その後、明治政府は宗教的視点を排して、公衆衛生的観点から火葬を扱うようになりました。伝染病死体の火葬義務化に加えて、土葬用墓地の新設や拡張に厳しい規制を掛けたりし、人口密集度の高い地域には土葬禁止区域を設けるなどの政策を取ったそうです。

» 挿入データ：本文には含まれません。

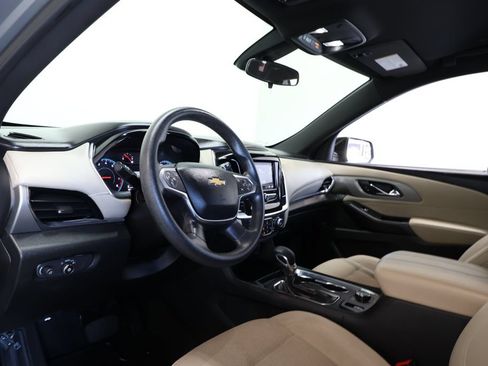 Used 2023 Chevrolet Traverse LS FWD image 17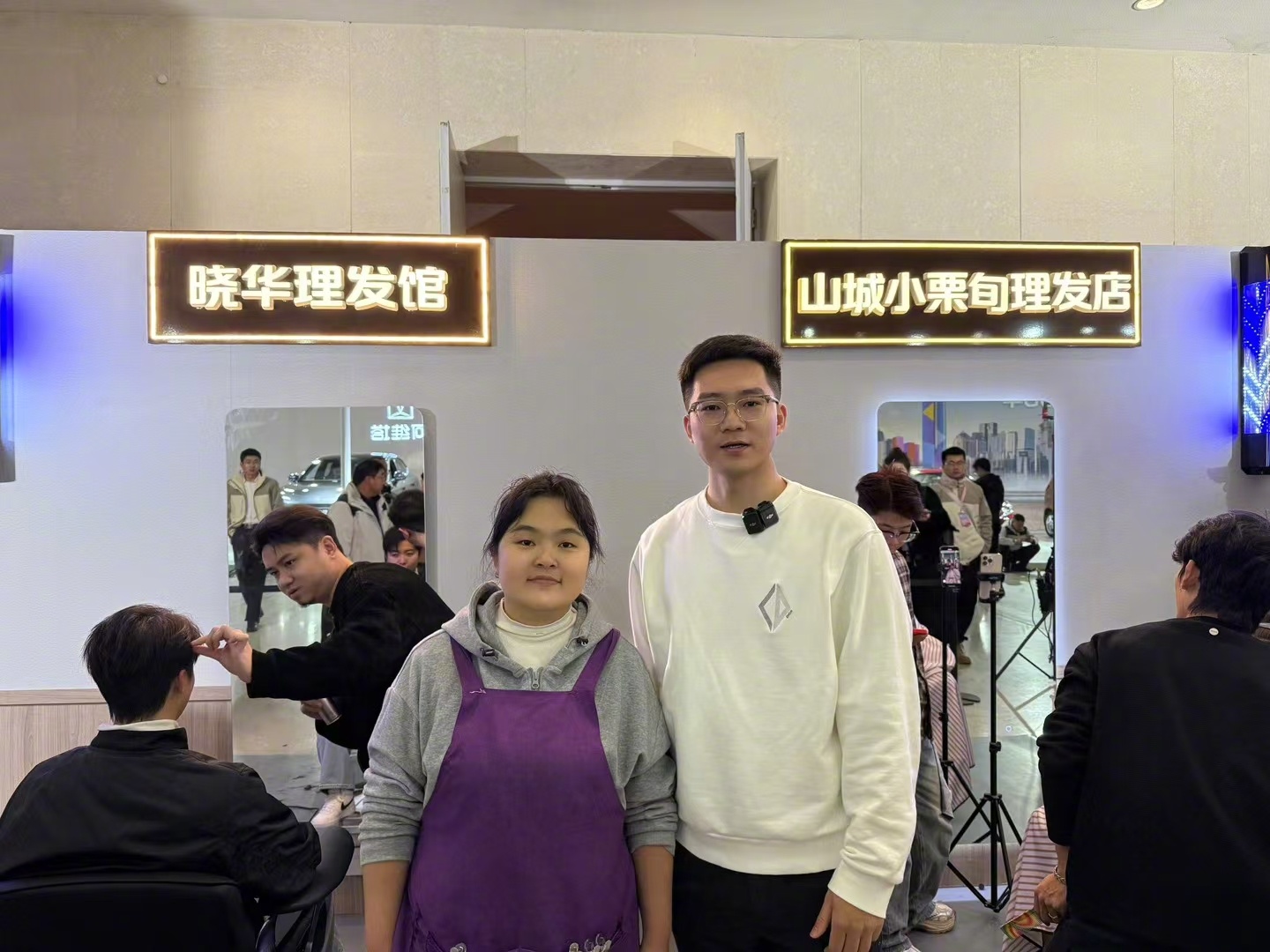 理发师晓华爆改外国人   前几天刚理发，没被晓华姐爆改。不过，她说我的发型师手艺
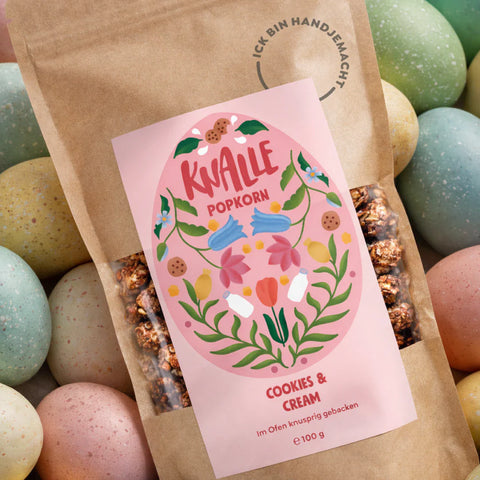Knalle Oster Popcorn Cookies & Cream, saisonal limitiert, 100g, knuspriges Popcorn mit Cookies & Cream Geschmack, festliche Verpackung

時代は大正へと変わり、地方公共団体が火葬上設営に積極的になり、土葬より火葬の方が掛かる費用や人手が少なくなった事もあり火葬が飛躍的に普及し、現在ではほぼ100%の火葬率のようです。

2.お骨の保管方法・場所など

 火葬後、遺骨は一旦自宅に帰って祭壇に飾られます。四十九日が過ぎたら寺院や霊園に納骨して、位牌を仏壇に置いてひと段落、という形が一般的かと思いますが、納骨をせずにそのまま自宅に遺骨を安置する方もいらっしゃるようです。ここでは、自宅での保管を検討中の方に遺骨の扱い方、供養の方法、保管方法などを簡単にはなりますが、解説させて頂きたいと思います。

遺骨とは

 人は亡くなった後、火葬場で火葬されますが、その後に残った骨が『遺骨』です。火葬後には遺骨を「骨壷」という入れ物に移します。この行為を「骨上げ」あるいは「収骨」と呼んでいます。遺骨は一旦自宅に安置され、四十九日が過ぎるころ、お墓や納骨堂に納骨されることが一般的です。

ちなみに、遺骨をどこに収めるかについては「墓地埋葬法」という法律があり、決められた場所以外で埋葬することはできません。この法律は次のように定められています。

墓地、埋葬等に関する法律

第1条 この法律は、墓地、納骨堂、又は火葬場の管理及び埋葬等が、国民の宗教的感情に適合し、且つ公衆衛生その他公共の福祉の見地から、支障なく行われることを目的とする。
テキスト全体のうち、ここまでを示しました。